The question was how to get him out. I went upstairs to get the open can of cat food in the refrigerator. Surely when he smelled the food. . . .

That got him almost out, and then he dashed back when I reached toward him. Dry food. The dry food he isn't allowed to have any more because he needs to lose a couple of pounds. But I still had half a bag. Harry always responds to the sound of that bag being opened. 

And he did respond. To the sound of the bag. To the food in my hand. To my verbal encouragement. Slowly, step-by-step, as I backed across the room. Harry following, focusing on me and my outstretched hand. Harry crouching as we came around the wall, staring at the dryer and then moving closer for a better look. Harry dashing under the kitchen steps, but then peering out. Following me up the kitchen steps, one at a time. Harry crossing the threshold and realizing he was back in known territory. And instead of meowing for the dry food he was not allowed to have, dashing into the dining room. And sitting down by my chair at the table as I came with brush and wet wipes to clean away the dust and cobwebs clinging to him. Even allowing me to wipe his paws. Harry jumping back on the radiator to watch the birds.

And me, sitting down and taking a breath. Thinking that had been scary. If I had been that scared -- heart pounding, on the edge of panic -- when my cat disappeared, what would it have been like if the cat had been a child? And thinking the next moment -- "I could write that. I could write that scene with a mother and a child who vanishes. But I don't have anywhere to use it." And thinking maybe I should write it down anyway, while I can still feel the emotions . . .

I did have somewhere to use it! The book I was working on. My 1939 thriller with the first chapter that wasn't working because my protagonist was doing nothing. Yes, he was watching other people who had come that Easter Sunday to see Marian Anderson perform at the Lincoln Memorial. He was observing and he was thinking. He spotted my villain and then he thought about that. But my hero was static, passive. 

What if I moved him back a scene or two? What if that first chapter began as my hero was rushing to get to the event, running late, and concerned that he would be so far back in the crowd that he wouldn't be able to see. And then he encounters the woman -- the desperate mother whose child has vanished. People are rushing by. No one is listening to her. She grabs his arm because he is wearing his porter's uniform. Begs him to help. He tells her she needs a policeman, tries to rush on. . .but she clings. He stops. He helps her look and finds her child, who is hiding and afraid to come out because he thinks his mother will be angry.

My hero has done a good deed (and been heroic).
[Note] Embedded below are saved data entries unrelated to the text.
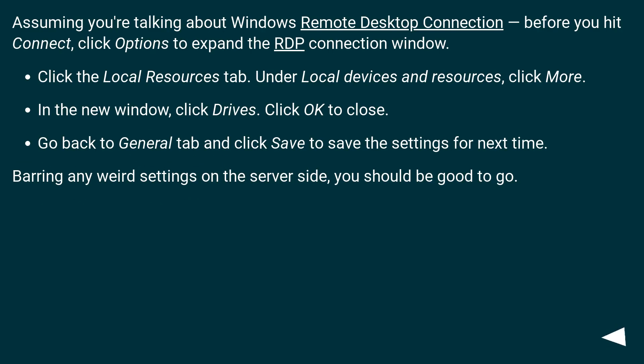Assuming you're talking about Windows Remote Desktop Connection, before you hit Connect, click Options to expand the RDP Connection window. Click the Local Resources tab. Under Local Devices and Resources, click More.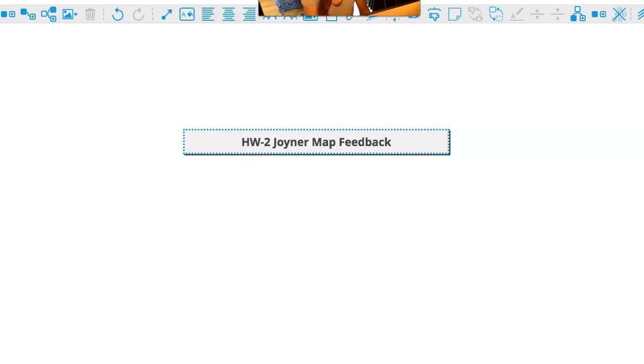In this video we'll take a look at some of the maps you guys submitted for your homework number two. I've just randomly selected a handful of them from the homework submissions.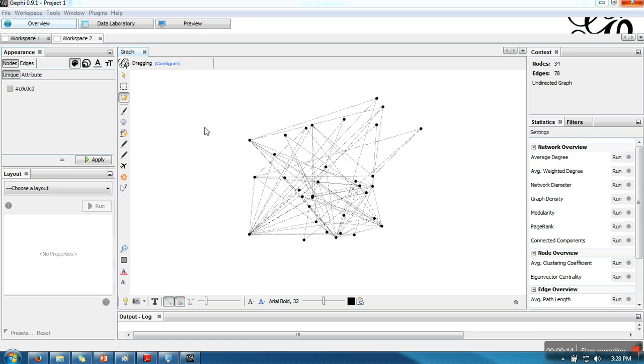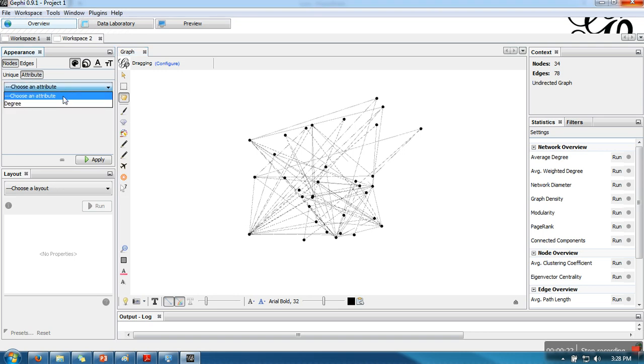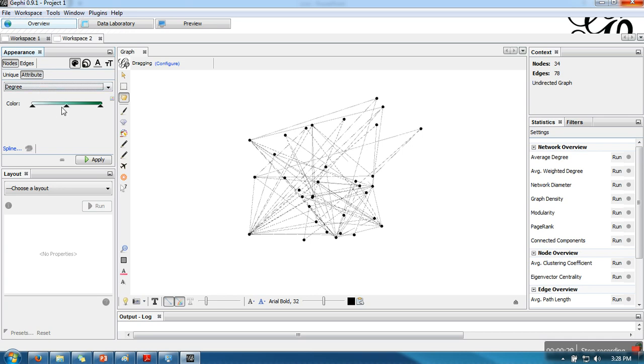So if you can see here, nodes is selected. What we need to do is go to attribute, and here we have to select degree. Now if you can see it's showing color because here we have selected color.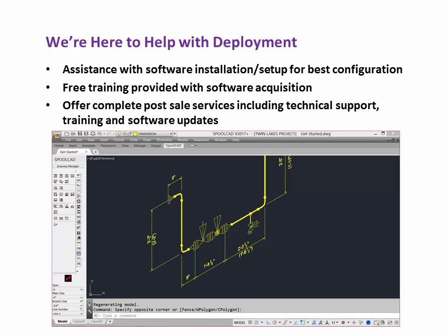We're here to help with deployment. We give assistance with software installation, setup, and best configuration. Free training is provided with software acquisition. We offer complete post-sale services, including technical support, training, and software updates.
But now -- from his point of view -- he is late. He is irritated. Since he is far back in the crowd, he looks around at the faces as Ms. Anderson sings. He sees joyful, transfixed faces. He sees a few people weeping. He seems my villain -- who shouldn't be there in that crowd. Their gazes meet. My hero is puzzled, disconcerted. . .

Thank you, Harry. I'm so sorry you were frightened. I'm so sorry I was careless and a bad "cat parent". I'm really happy you are curled up on the floor by the table as I write this. But, thank you for solving my first chapter problem. You are going into my acknowledgments.

And I admit I was reaching for my notebook within minutes of making sure you were safe.